Task →
Below are the records to transcribe exactly; do not include any images.

Data extracts →
■ ■ ■
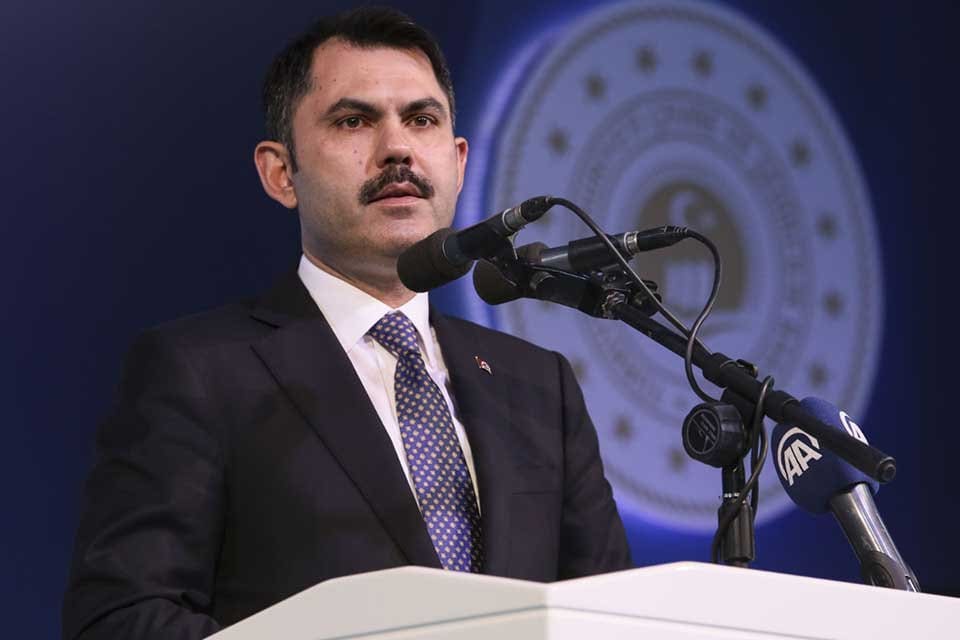 &Ccedil;evre Şehircilik ve İklim Değişikliği Bakanı Murat Kurum "Mart 2022&rsquo;de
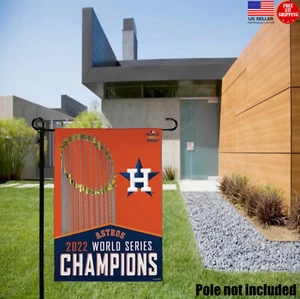 Houston Astros World Series Champions 2 Sided Garden Flag Outdoor Window Banner. - Picture 1 of 8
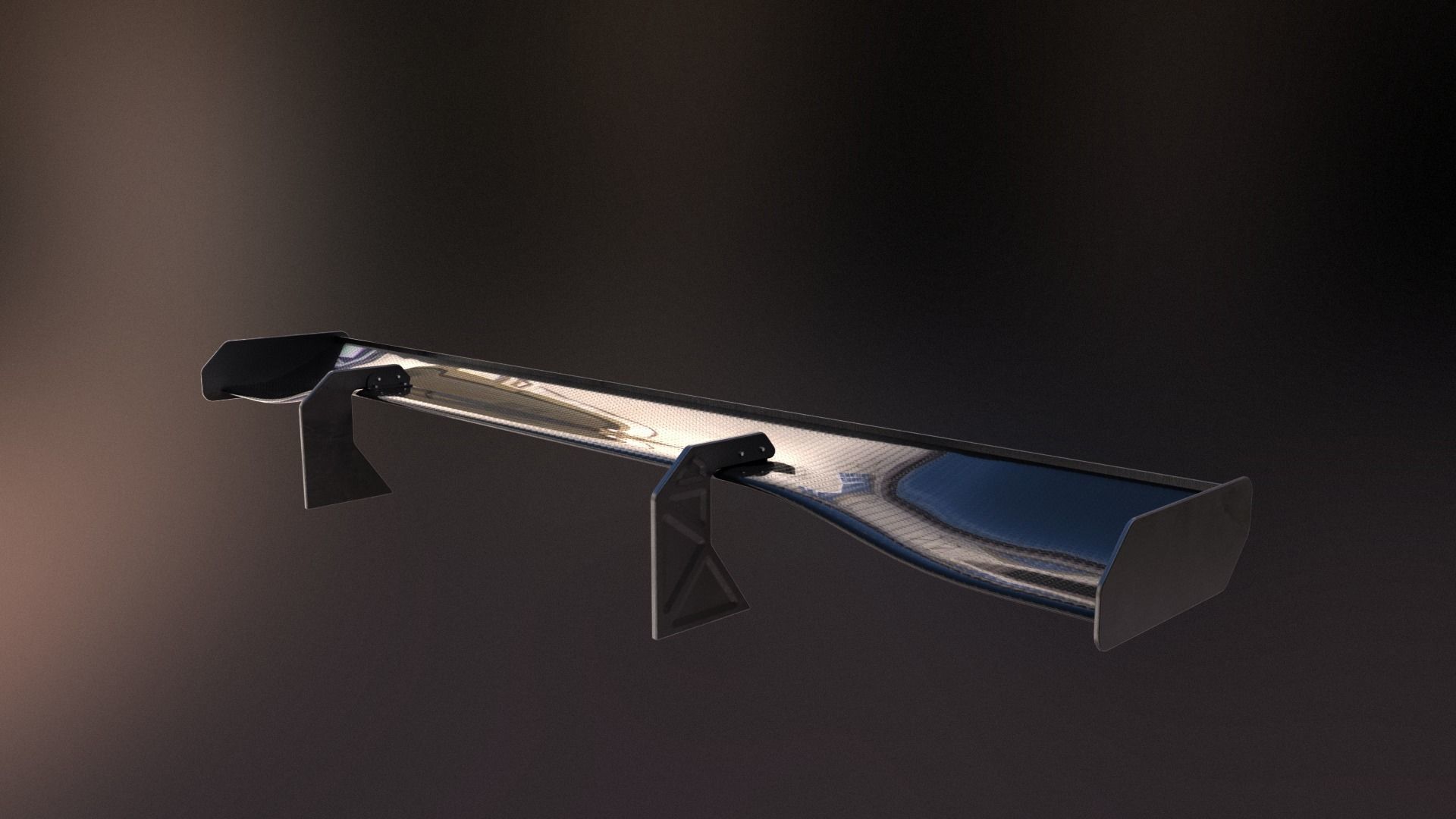 More than 20 semi procedural car wings spoilers Low-poly 3D model_4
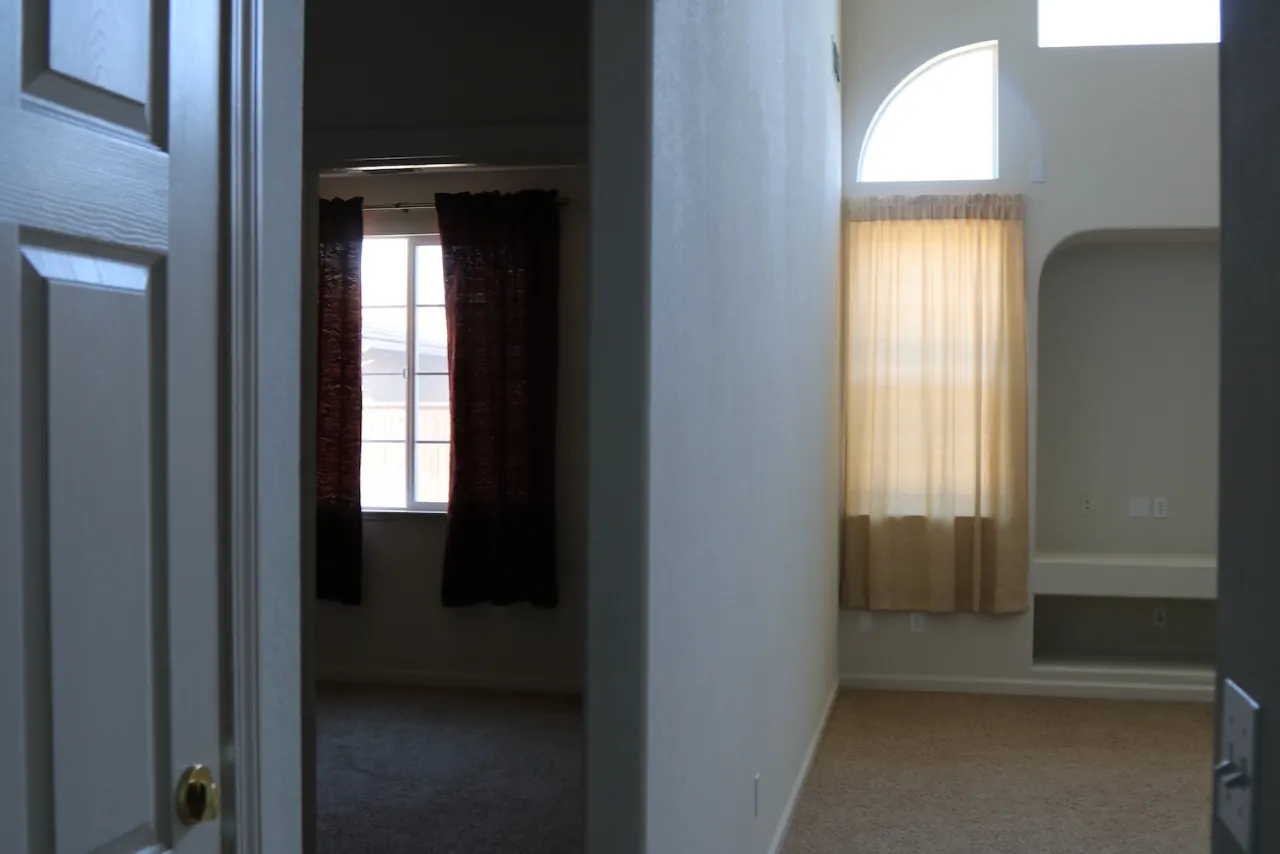 Master bedroom at Bellevue Ranch House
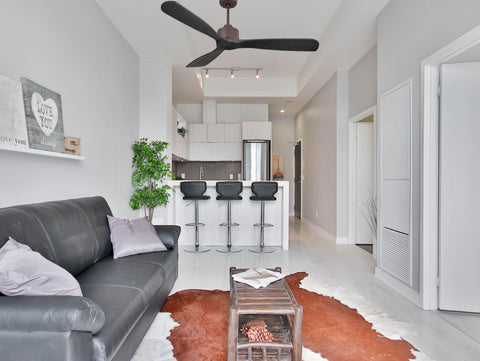 Ventilador de techo Reversible Termostato Wifi Motor DC Techos Inclinados Mando a Distancia Hypersilence Memoria FullWood 6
■ ■ ■
Expected answer →
 &Ccedil;evre Şehircilik ve İklim Değişikliği Bakanı Murat Kurum "Mart 2022&rsquo;de
 Houston Astros World Series Champions 2 Sided Garden Flag Outdoor Window Banner. - Picture 1 of 8
 More than 20 semi procedural car wings spoilers Low-poly 3D model_4
 Master bedroom at Bellevue Ranch House
 Ventilador de techo Reversible Termostato Wifi Motor DC Techos Inclinados Mando a Distancia Hypersilence Memoria FullWood 6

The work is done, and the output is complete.